Молодой человек повел Ирен во двор, где стояла машина, тоже черная. Они разъезжали из одного конца города в другой, из конторы в контору, из похоронного бюро на почту, где Ирен должна была взять деньги. То, что Жюдит — еврейка, одновременно упрощало и усложняло дело. Необходимость в заупокойной мессе, обязательной для католиков, отпадала, но зато пришлось добиваться, чтобы на кладбище отвели специальный участок. За все это время молодой инспектор ни на минуту не расстался со своей суровой миной. И даже не заикнулся о том, что ему жарко в черном костюме, и не попытался ослабить галстук. Когда все дела были закончены, он вернулся к машине и несколько церемонно распахнул перед Ирен дверцу — как он это делал каждый раз. Она думала, что он повезет ее обратно в гостиницу. Но вот они миновали центр города и поехали мимо роскошных магазинов. Мир верфей и доменных печей, заводов и рабочих кварталов был сейчас так далеко! Даже трудно предположить, что где-то еще идет забастовка. Молодой инспектор, более сдержанный, чем когда бы то ни было, остановил машину перед филиалом «Эр Франс».

— Остается только заказать вам билет на самолет, который вылетает завтра вечером.

Ирен не нашла, что возразить. Сердце у нее заколотилось. Билет на завтрашний вечер? Зачем он вмешивается не в свое дело, этот сопляк! А между тем он был прав. Похороны состоятся завтра утром, а ведь с самого начала было предусмотрено, что она уедет сразу же после похорон. Ирен открыла сумочку и, отдав инспектору свой билет, последовала за ним к окошку.

Когда они вышли, она сказала:

— Ну что ж. Спасибо за все. Я вернусь в отель пешком. Это не очень далеко.
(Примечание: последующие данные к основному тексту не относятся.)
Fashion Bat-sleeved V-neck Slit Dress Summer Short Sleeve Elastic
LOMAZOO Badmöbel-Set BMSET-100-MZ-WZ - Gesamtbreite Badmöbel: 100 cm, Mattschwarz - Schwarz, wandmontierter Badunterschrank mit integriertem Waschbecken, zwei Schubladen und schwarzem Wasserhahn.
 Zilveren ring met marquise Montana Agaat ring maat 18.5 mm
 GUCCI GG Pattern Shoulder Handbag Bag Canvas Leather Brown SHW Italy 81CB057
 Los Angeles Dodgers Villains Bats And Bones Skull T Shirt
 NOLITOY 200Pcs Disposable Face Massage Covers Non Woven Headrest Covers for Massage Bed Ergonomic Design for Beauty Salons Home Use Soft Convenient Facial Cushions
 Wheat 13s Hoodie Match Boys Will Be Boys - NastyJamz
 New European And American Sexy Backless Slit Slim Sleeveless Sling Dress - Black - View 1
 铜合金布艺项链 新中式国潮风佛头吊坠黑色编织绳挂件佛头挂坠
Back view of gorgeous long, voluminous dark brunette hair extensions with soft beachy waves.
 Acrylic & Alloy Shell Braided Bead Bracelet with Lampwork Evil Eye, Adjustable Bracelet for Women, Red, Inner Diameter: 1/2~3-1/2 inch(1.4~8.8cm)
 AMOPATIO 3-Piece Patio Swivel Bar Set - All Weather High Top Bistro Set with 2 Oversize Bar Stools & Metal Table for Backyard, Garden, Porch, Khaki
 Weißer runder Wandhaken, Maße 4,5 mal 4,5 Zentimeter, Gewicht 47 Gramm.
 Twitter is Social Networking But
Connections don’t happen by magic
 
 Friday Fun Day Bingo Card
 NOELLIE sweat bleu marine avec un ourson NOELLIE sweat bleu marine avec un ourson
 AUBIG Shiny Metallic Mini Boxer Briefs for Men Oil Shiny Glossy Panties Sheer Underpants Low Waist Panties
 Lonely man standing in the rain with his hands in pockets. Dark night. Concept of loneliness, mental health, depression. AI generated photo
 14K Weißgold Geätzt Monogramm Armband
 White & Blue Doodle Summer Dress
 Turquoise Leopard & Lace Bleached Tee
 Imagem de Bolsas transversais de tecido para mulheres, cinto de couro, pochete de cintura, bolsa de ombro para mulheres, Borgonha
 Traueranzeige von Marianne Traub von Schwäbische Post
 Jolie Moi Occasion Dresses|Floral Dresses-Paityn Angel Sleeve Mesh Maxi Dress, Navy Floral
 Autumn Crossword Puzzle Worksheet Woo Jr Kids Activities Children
Он попытался улыбнуться — впервые за весь день, — и его лицо цвета слоновой кости чуточку порозовело.

— Не желаете ли поужинать вместе? Я приглашаю.

Не хватало еще, чтобы этот сопляк осмелился попытать удачу.

— Нет, спасибо. Я очень устала и хочу вернуться в гостиницу.

— Я знаю хорошую таверну на берегу моря. Вы любите рыбу?

Отвоевывая пядь за пядью, он неожиданно стал весьма разговорчивым, но потом, поняв, что все его усилия тщетны, сел в машину и, хлопнув дверцей, уехал.

В отеле никто не спрашивал Ирен в ее отсутствие.


Конец этого дня оказался для Ирен мучительнее всего, что она пережила за время путешествия. Она растянулась на постели в своем номере, и волны тоски захлестнули ее сильнее, чем в период депрессии, пережитой прошлой весной. Время от времени она повторяла про себя: «Я не заслужила такого страдания». Около восьми вечера раздался телефонный звонок. Это актер звонил из холла. Он пришел за ней.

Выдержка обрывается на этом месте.